_DESCRIPTION OF THE TASK_
Nothing but the lines from the start of the entries through the line holding "Detroit Tigers pitcher" is to be repeated, exactly and with pictures excluded.

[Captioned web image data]
◇ ◇ ◇ ◇
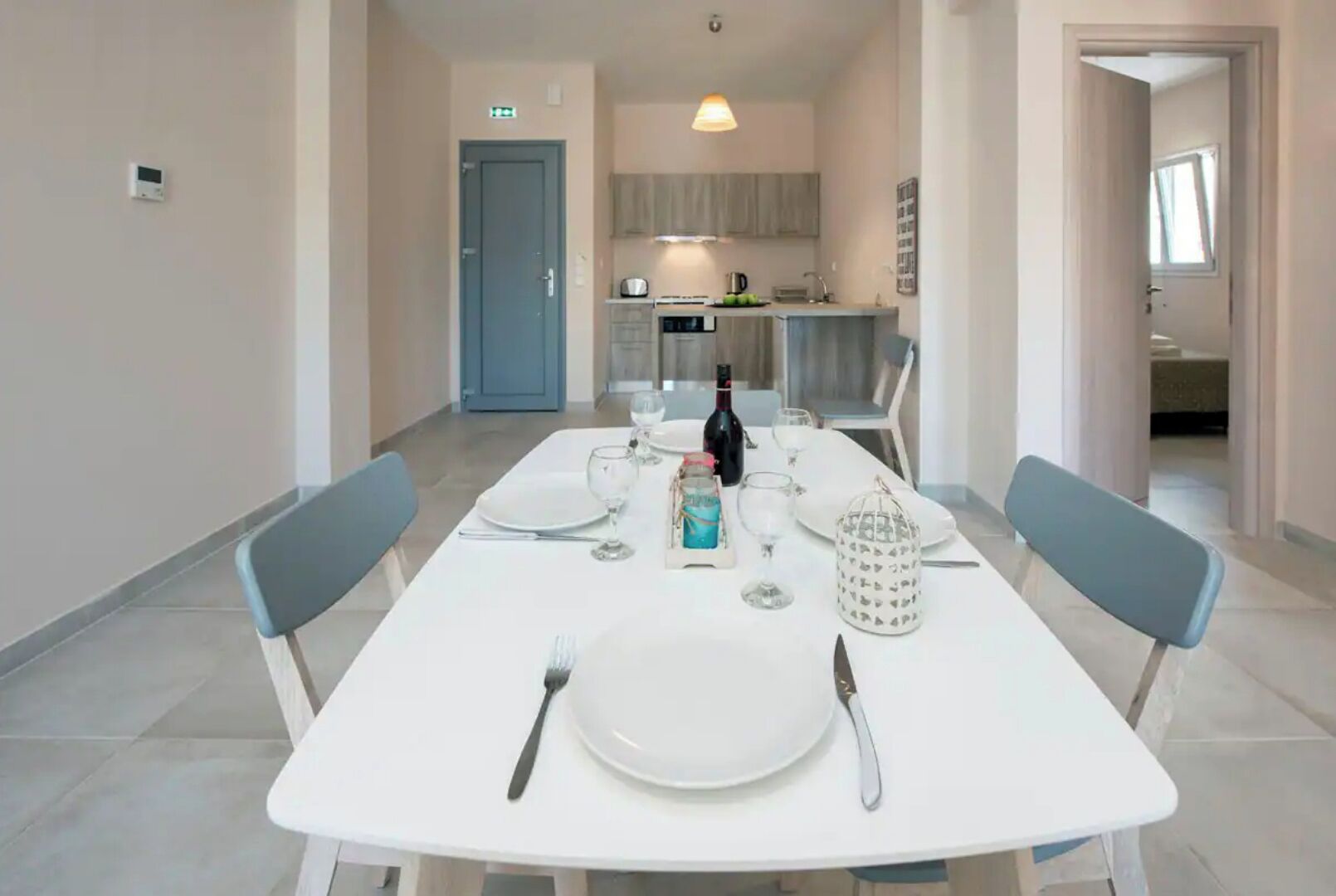 A dining area with a white table set for four, including plates, cutlery, and glasses. A bottle and a decorative item are on the table. The room has a light-colored floor and walls, and there is a door leading to a kitchen area.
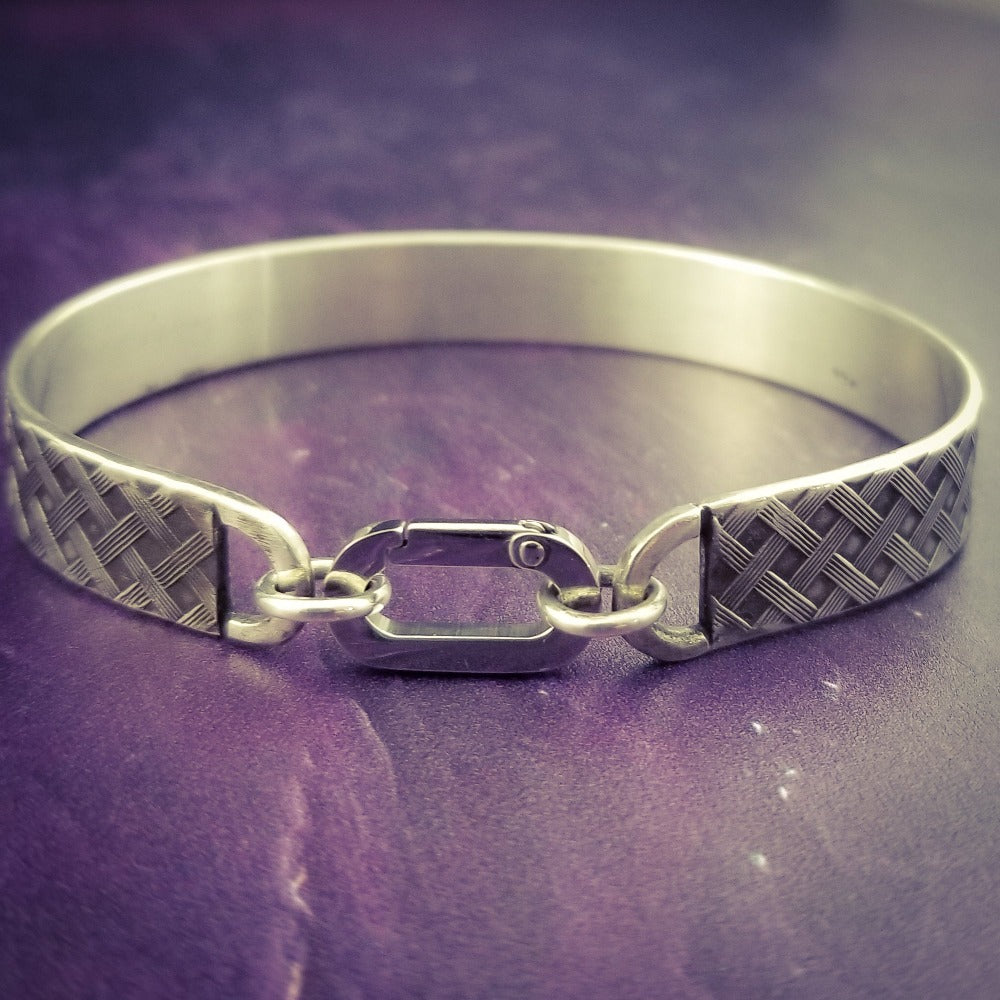 Boldly state your BDSM lifestyle with the Darkenwald cuffs / anklets. Our Darkenwald design is reminiscent of old castle walls, knights on galloping horses and laughter and ale in the great hall by firelight.  Substantial sterling silver cuffs accommodate a traditional clasp for discretion, but can also be worn with a padlock and key for a big statement of Ownership. Nice hefty bracelets for a lifetime of play and pleasure.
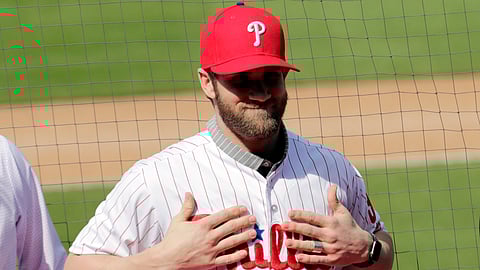 Bryce Harper smiles after putting on a Philadelphia Phillies jersey during a news conference at the team’s spring training baseball facility, Saturday, March 2, 2019. (Lynne Sladky)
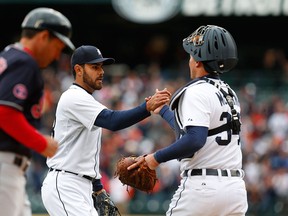 Detroit Tigers pitcher Joakim Soria, middle celebrates the final out with catcher James McCann against the Cleveland Indians in the ninth inning of a baseball game in Detroit, Sunday, April 26, 2015. Detroit won 8-6. (AP Photo/Paul Sancya)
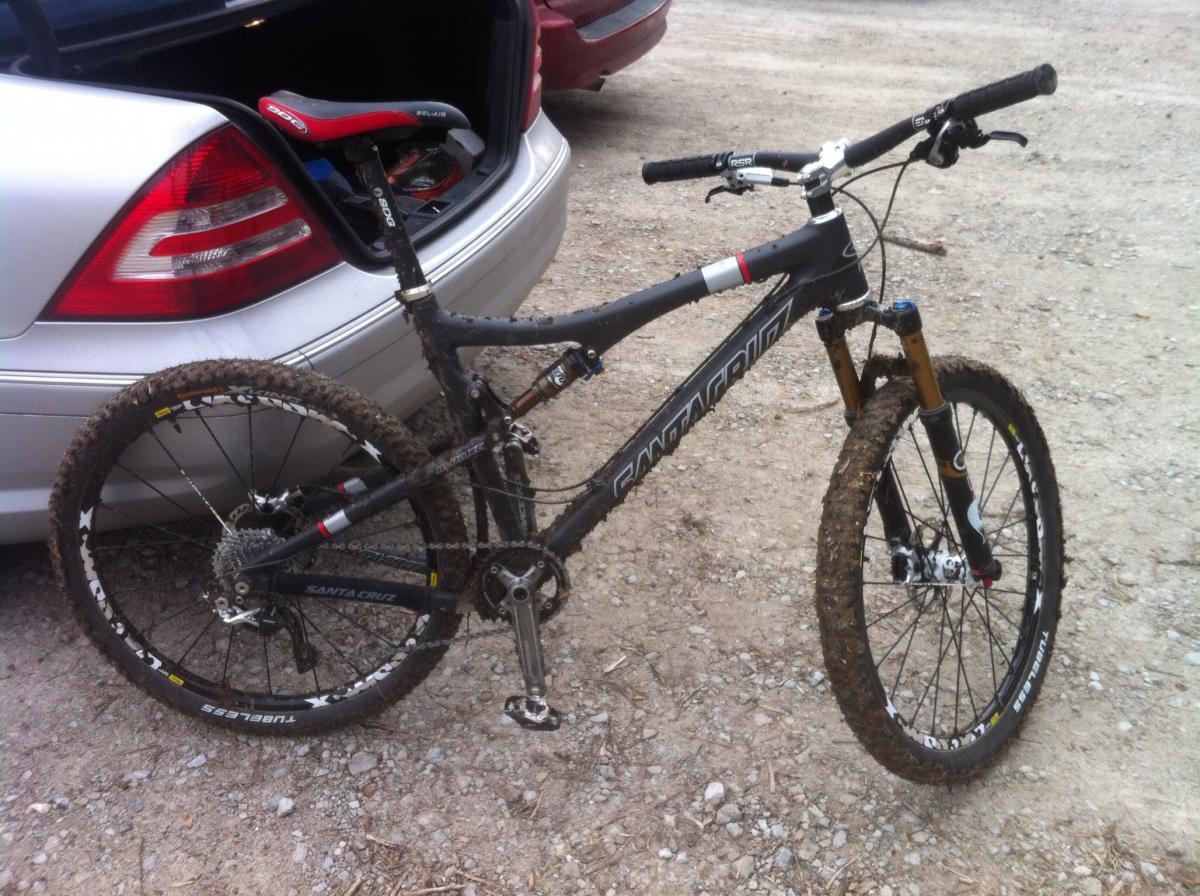 Santa Cruz Blur: A black mountain bike with muddy tires parked beside a silver car. The bike features a prominent "Santa Cruz" logo, front suspension forks, and dirt on its frame, indicating recent use on off-road trails. The car's trunk is open, revealing gear and equipment. The background shows a gravel surface.
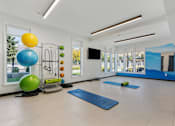 Thumbnail 79 of 136 - a workout room with yoga mats and a colorful ball and a large window at The Flats at Riverwoods, Provo, UT
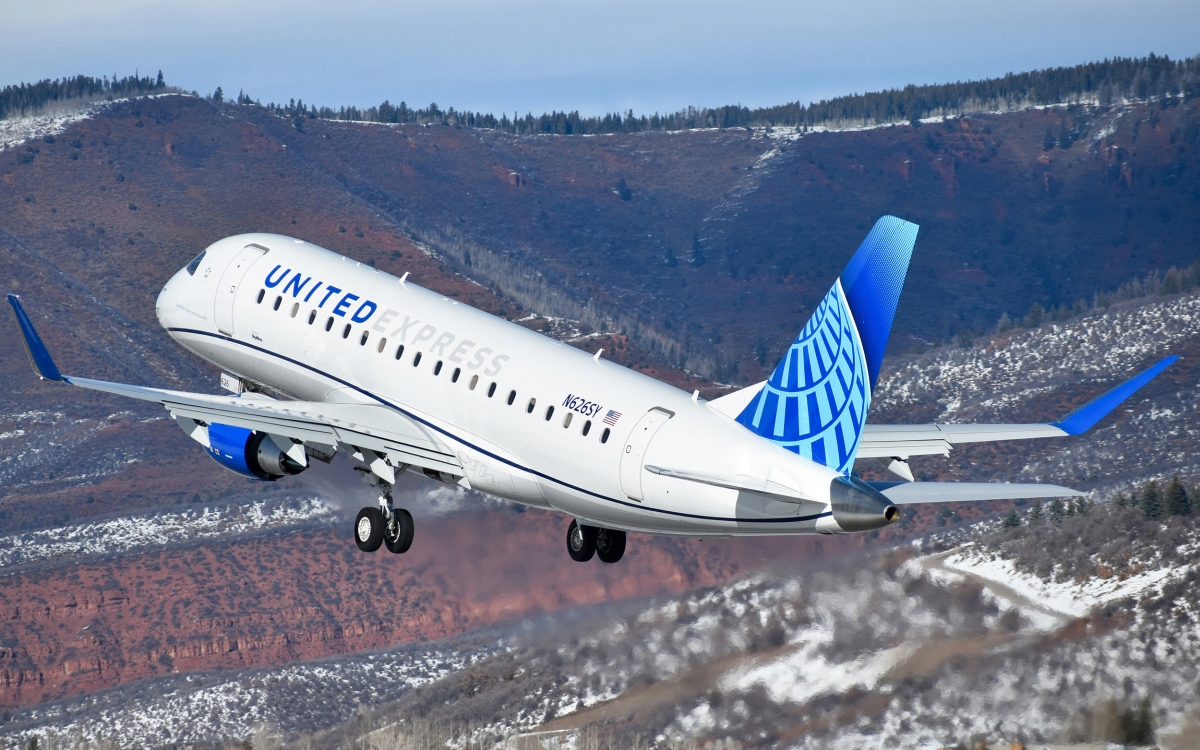 A jet labeled "United Express" flies over mountains.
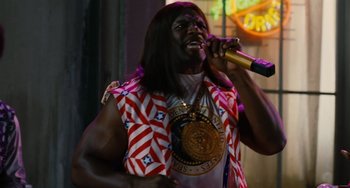 Movie still from “Idiocracy” (2006), directed by Mike Judge – A man with long black hair is holding a microphone and singing; Medium shot, Low angle
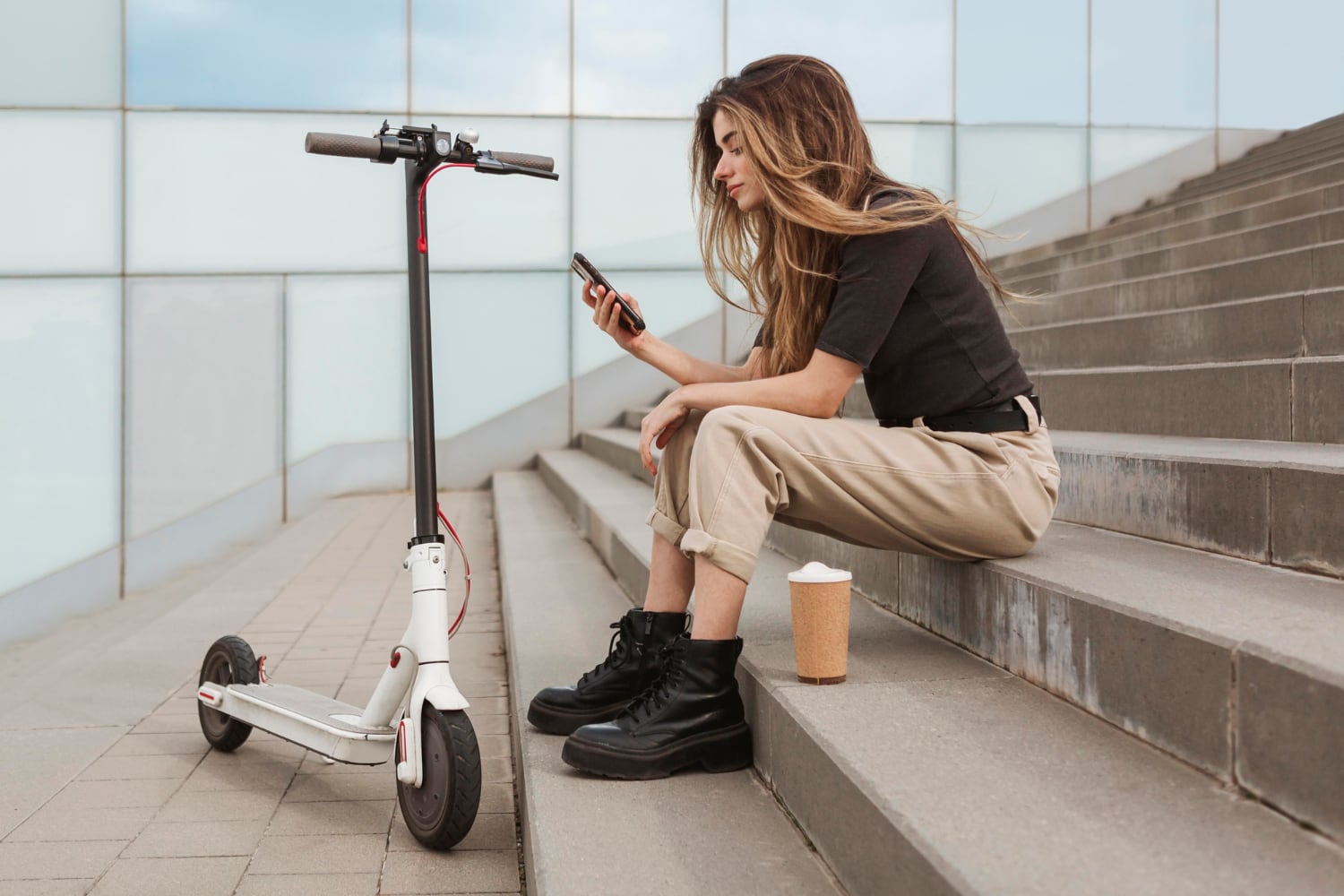 Junge Frau sitzt auf einer Treppe im freien. Sie schaut auf ihr Handy. Neben ihr stehen ihr E-Roller und ein Coffe-to-go-Becher.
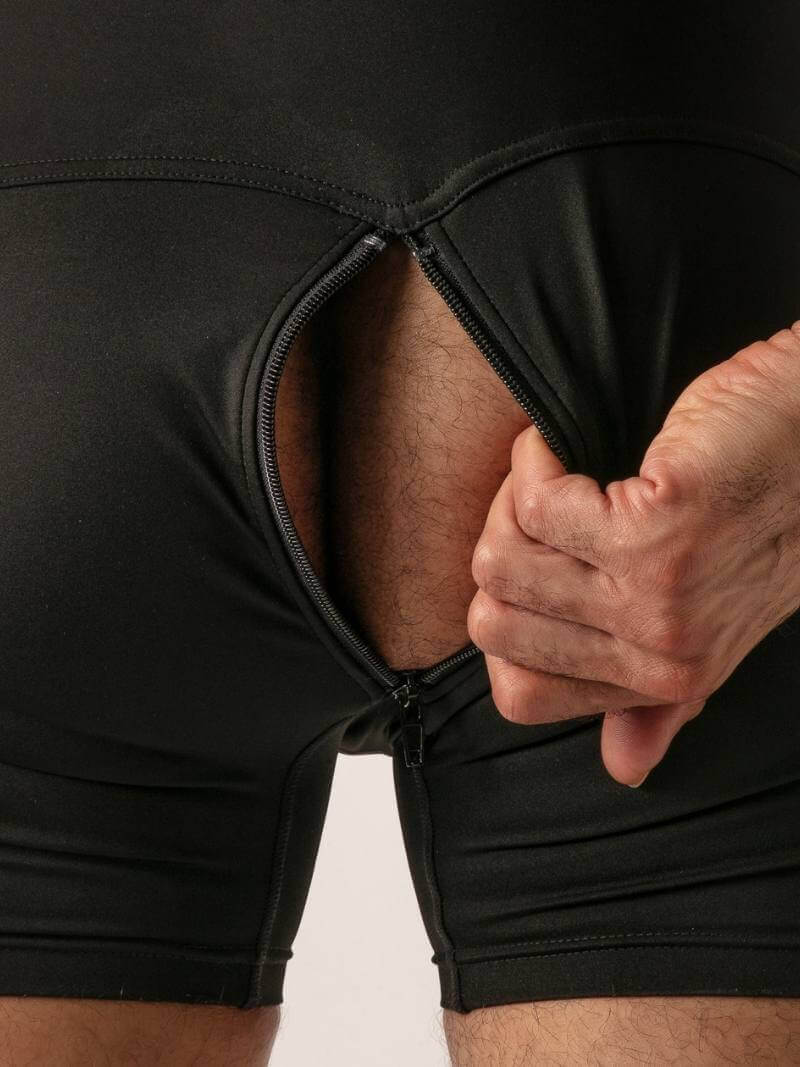 Person wearing black singlet with a close up of rear zipper detail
◇ ◇ ◇ ◇
_EXERCISE SOLUTION_
 A dining area with a white table set for four, including plates, cutlery, and glasses. A bottle and a decorative item are on the table. The room has a light-colored floor and walls, and there is a door leading to a kitchen area.
 Boldly state your BDSM lifestyle with the Darkenwald cuffs / anklets. Our Darkenwald design is reminiscent of old castle walls, knights on galloping horses and laughter and ale in the great hall by firelight.  Substantial sterling silver cuffs accommodate a traditional clasp for discretion, but can also be worn with a padlock and key for a big statement of Ownership. Nice hefty bracelets for a lifetime of play and pleasure.
 Bryce Harper smiles after putting on a Philadelphia Phillies jersey during a news conference at the team’s spring training baseball facility, Saturday, March 2, 2019. (Lynne Sladky)
 Detroit Tigers pitcher Joakim Soria, middle celebrates the final out with catcher James McCann against the Cleveland Indians in the ninth inning of a baseball game in Detroit, Sunday, April 26, 2015. Detroit won 8-6. (AP Photo/Paul Sancya)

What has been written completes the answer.